Bronchoscopic biopsies - a novel source for primary airway epithelial cells in respiratory research

Kimberly Barbet #  1 Mona S Schmitz #  2   3 Dirk Westhölter  1 Markus Kamler  4 Stephan Rütten  5 Anja L Thiebes  6 Barbara Sitek  7   8 Malte Bayer  7   8 Michaela Schedel  1   9 Sebastian Reuter  1   10 Kaid Darwiche  11 Anja E Luengen  1 Christian Taube  1
Affiliations

Bronchoscopic biopsies - a novel source for primary airway epithelial cells in respiratory research

Kimberly Barbet et al. Respir Res. .

Abstract

Background: Using primary airway epithelial cells (AEC) is essential to mimic more closely different types and stages of lung disease in humans while reducing or even replacing animal experiments. Access to lung tissue remains limited because these samples are generally obtained from patients who undergo lung transplantation for end-stage lung disease or thoracic surgery for (mostly) lung cancer. We investigated whether forceps or cryo biopsies are a viable alternative source of AEC compared to the conventional technique.

Methods: AECs were obtained ex vivo from healthy donor lung tissue using the conventional method and two biopsy procedures (forceps, cryo). The influence of the isolation method on the quality and function of AEC was investigated at different time-points during expansion and differentiation in air-liquid interface cultures. In addition, fully-differentiated AECs were stimulated with house dust mite extract (HDM) to allow functional analyses in an allergic in vitro model. Vitality or differentiation capacity were determined using flow cytometry, scanning electron microscope, periodic acid-Schiff reaction, immunofluorescence staining, and proteomics.

Results: As anticipated, no significant differences between each of the sampling methods were detected for any of the measured outcomes.
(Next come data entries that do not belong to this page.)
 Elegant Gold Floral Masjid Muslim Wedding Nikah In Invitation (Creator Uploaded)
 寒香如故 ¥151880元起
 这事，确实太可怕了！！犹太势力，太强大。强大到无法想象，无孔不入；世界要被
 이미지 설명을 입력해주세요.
The proteome composition was comparable for each isolation method, while donor-dependent effects were observed. Treatment with HDM led to minor differences in mucociliary differentiation.
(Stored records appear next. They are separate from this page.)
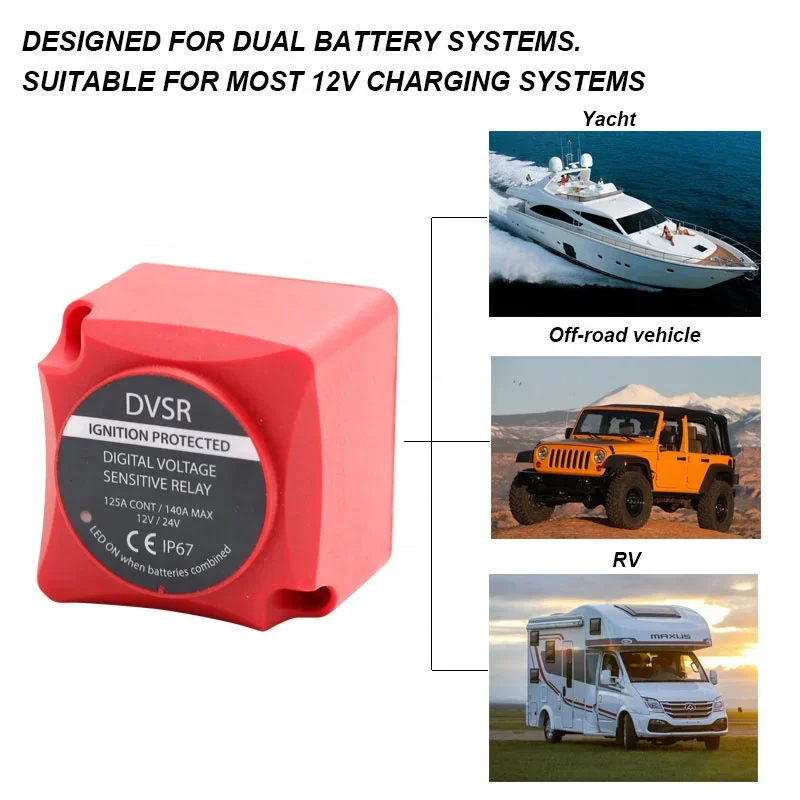 12 В 24 125 А морской лодочный сосуд RV двойная аккумуляторная система цифровое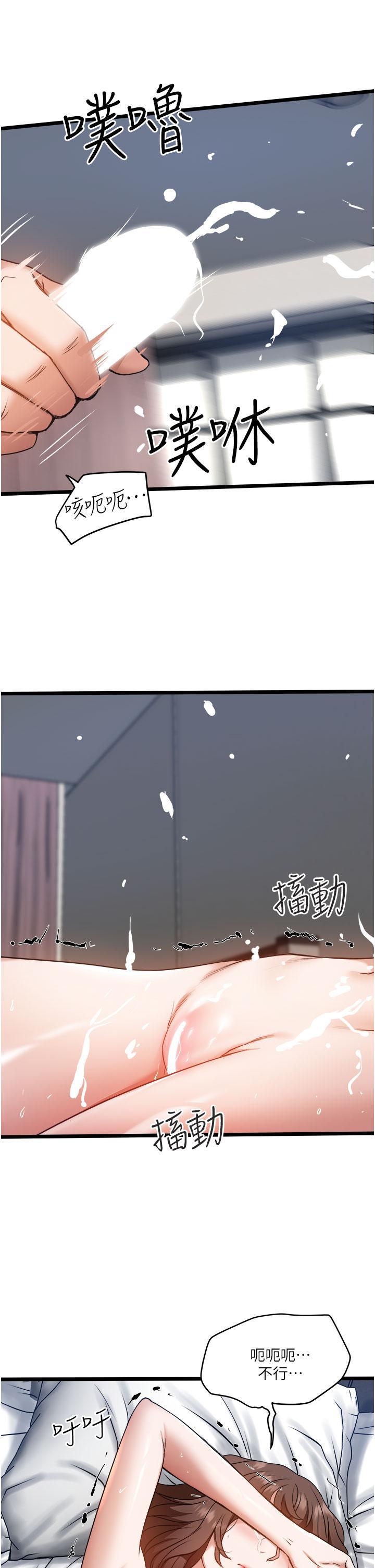 第7話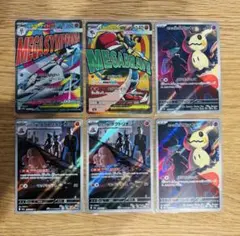 ゆき様 リクエスト 2点 まとめ商品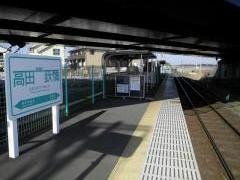 高田の鉄橋駅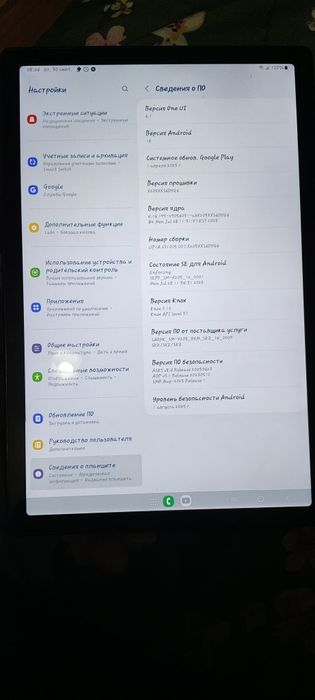 Samsung Galaxy Tab A8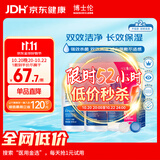 博士伦润明清透 隐形眼镜水护理液830ml 隐形眼镜多功能护理液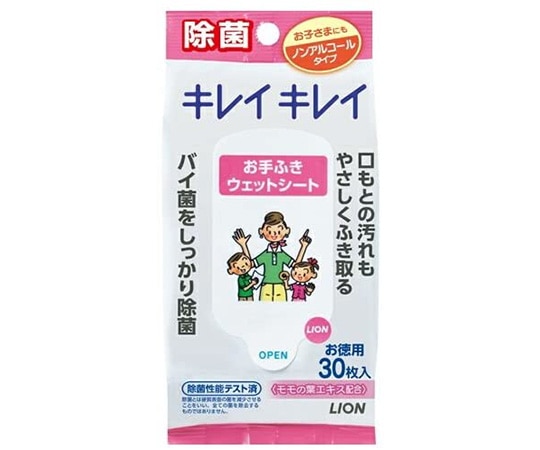 ライオン キレイキレイ お手ふきウェットシート (ノンアルコールタイプ) 30枚 1袋 (ご注文単位1袋) 【直送品】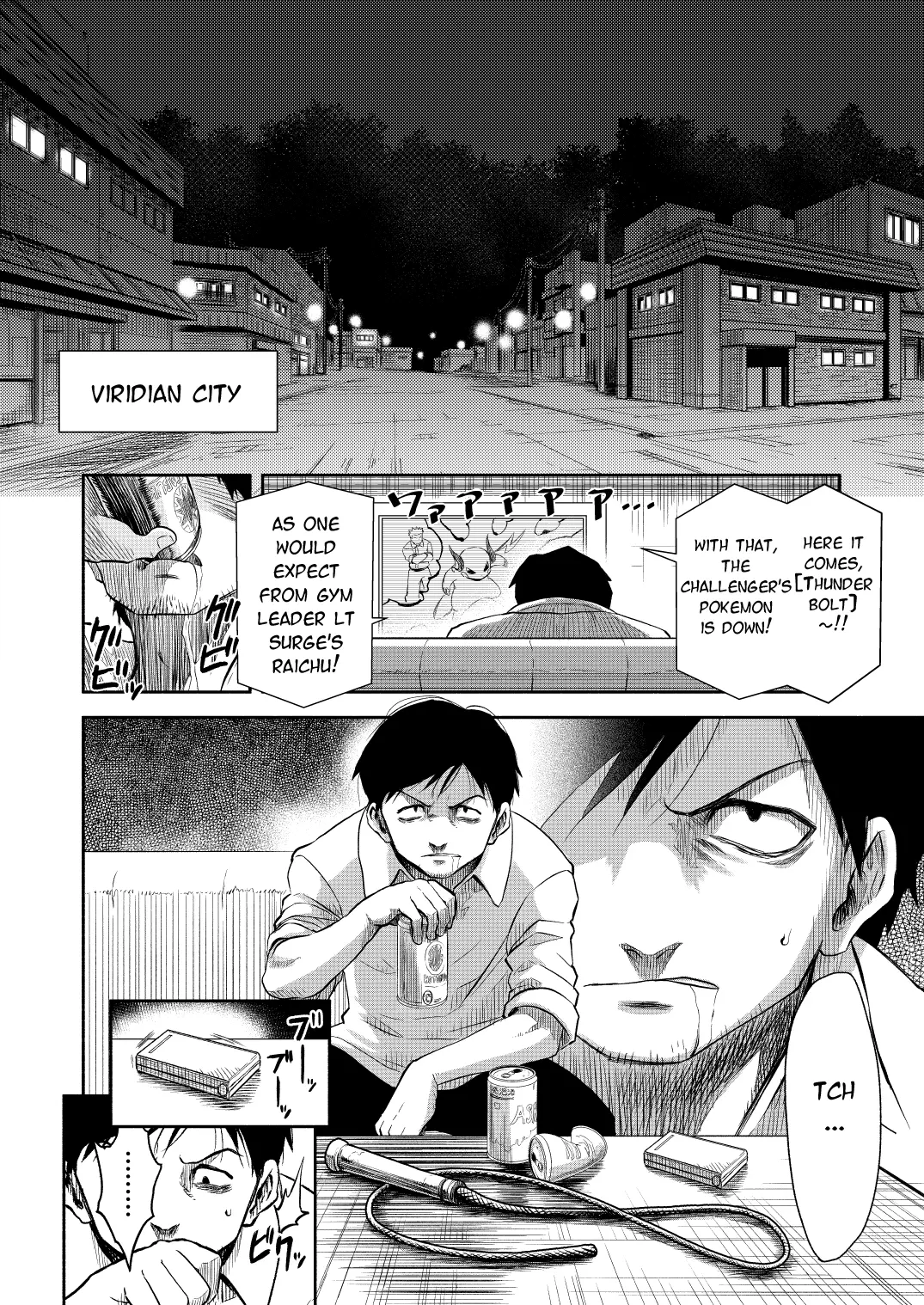 Pokemon - Festival of Champions (Doujinshi), chapter 0.2, page 53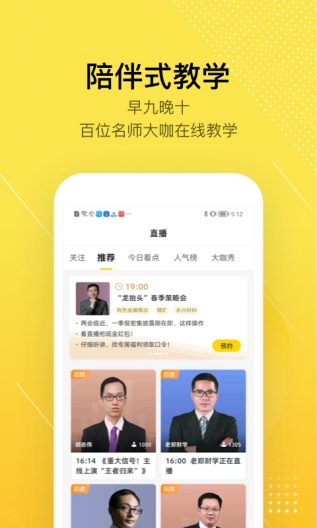 股拍 Screenshots2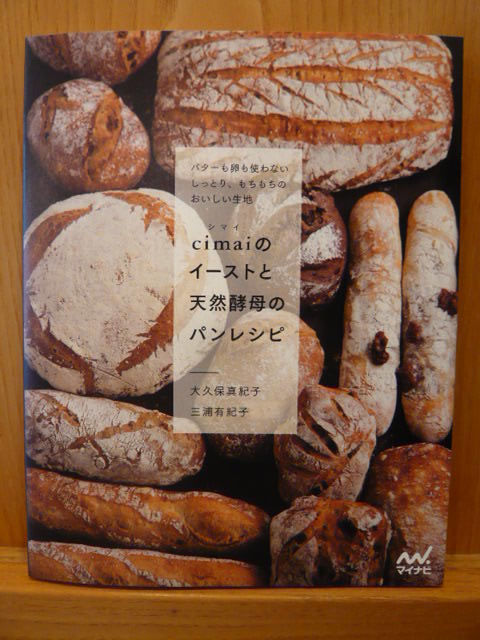 P1130020.JPG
Conclusions: Our findings confirmed the adequacy of these alternative approaches for attaining primary AECs, which can now expand the research for a broader range of lung diseases and for studies at an earlier stage not requiring lung surgery.

Keywords: 3R-principle; Air-liquid interface; Cryo biopsy; Forceps biopsy; In vitro disease-model; Primary airway epithelial cells.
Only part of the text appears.